Welcome to my Tech Leaders Interview Series, where I interview impactful leaders and ask them to share tips and techniques that have benefited them, both in their personal and professional lives.
This interview is with Michael Matias, Partner, J-Ventures.
Michael Matias, Forbes 30 Under 30, is the author of Age is Only an Int: Lessons I Learned as a Young Entrepreneur. He studies Artificial Intelligence at Stanford University, is a Venture Partner at J-Ventures, and was an engineer at Hippo Insurance. Matias previously served as an officer in the 8200 unit. He also hosts a show called 20 Minute Leaders, a tech entrepreneurship interview series featuring one-on-one interviews with fascinating founders, innovators, and thought leaders sharing their journeys and experiences.
What are your main productivity tips?
Any task that takes less than 2 minutes: do it immediately. I was shocked to discover how many of these “small tasks” pile on throughout the day, creating cognitive stress that takes away from the really important tasks. By getting these tasks out of the way, we allow ourselves to focus on the longer and more complicated tasks with less distractions.

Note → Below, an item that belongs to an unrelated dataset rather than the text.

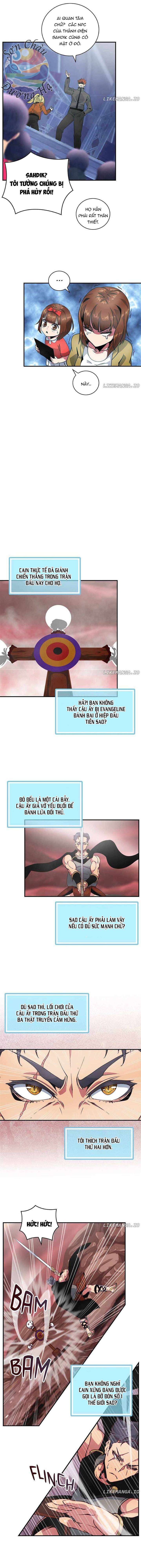 Ta Sinh Ra Để Làm Người Vĩ Đại Chapter 197 - Trang 4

What is your favorite drink?
Coconut water! Plain water is also great!
I initially used coconut water to urge myself to drink more (it is quite hydrating) and slowly began diluting it with water. At this point, I simply enjoy cold natural water.
How do you deal with stress and anxiety?
I’m lucky to be surrounded by many close friends and family. I see them on a daily basis (sometimes a few times a day), and we are extremely open about the things we’re going through.

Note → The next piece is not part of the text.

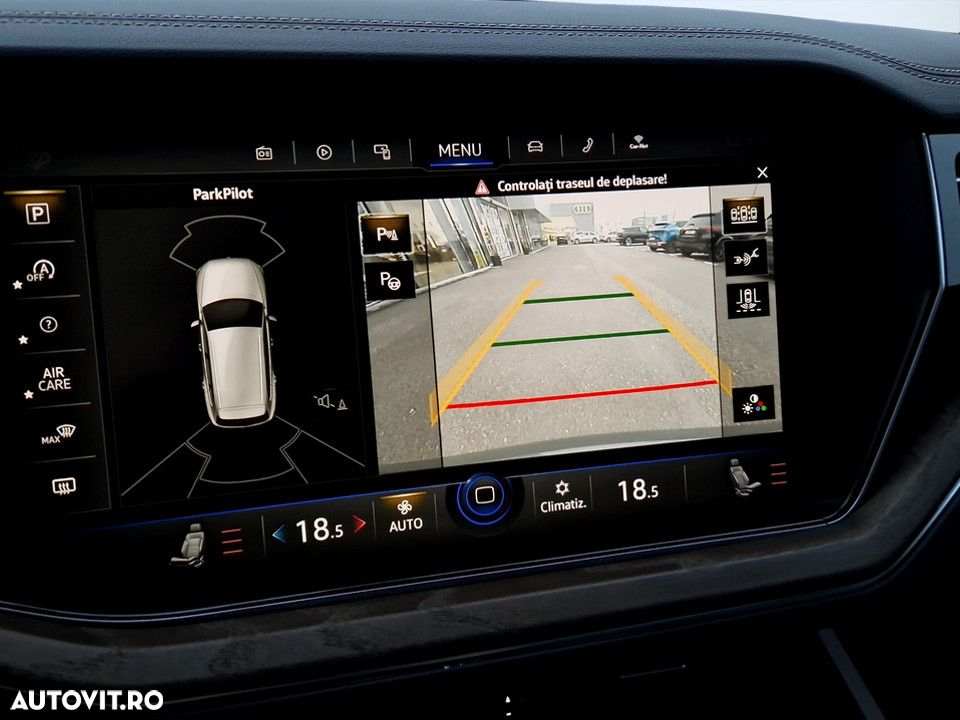 Volkswagen Touareg V6 TDI Atmosphere - 25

My other go-to place is my pets. I grew up with animals from a very young age, with dogs and rabbits and parrots and a chinchilla! Today my dog Benny is one of my best friends, and he’s always there for a good talk and a hug.
Your tips for aspiring entrepreneurs?
Find those that you look up to (personally and professionally), and work closely with them. It is much more important to gain inspiration and shorten the feedback loop rather than work on the highest paying or most impressive job. By maximizing on learning, you increase your personal stock and will be able to take ownership of increasingly complicated projects.

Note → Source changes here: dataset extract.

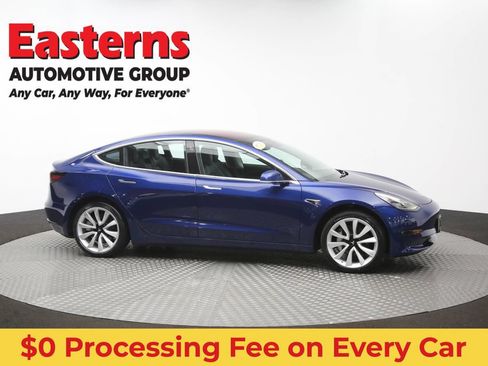 Used 2018 Tesla Model 3 Long Range RWD image 42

Who in the Tech industry would you like to meet for lunch?
Alan Turing: he’s my dad’s ultimate hero.
If you could live anywhere, where would it be?
Tel Aviv was and always will be my favorite place in the world. The beach, the food, the people, the language – it’s simply the best. Palo Alto comes at a close second (I know most of my friends would prefer to live in San Francisco, but I have an old soul.
What is your favorite book recommendation?
Freakonomics: The Hidden Side of Everything. It’s incredible how little we understand about the world we live in (or better yet, we think we understand it but often fail to appreciate all the moving parts that make it much more complex than it really is). Freakonomics is a fun page-turner that shows these misunderstandings.
Why are you in Tech?
I happened to grow up in a house where Tech was always a part of our lives, and I grew to love the complexity of deep technology and the way that, if done right, it can make an incredible impact on many people. I choose to continue dedicating myself to the tech industry as it is a place where I can continue working on large-scale projects that impact many people at a time. Tech is just a way to reach many people and hopefully make a positive impact.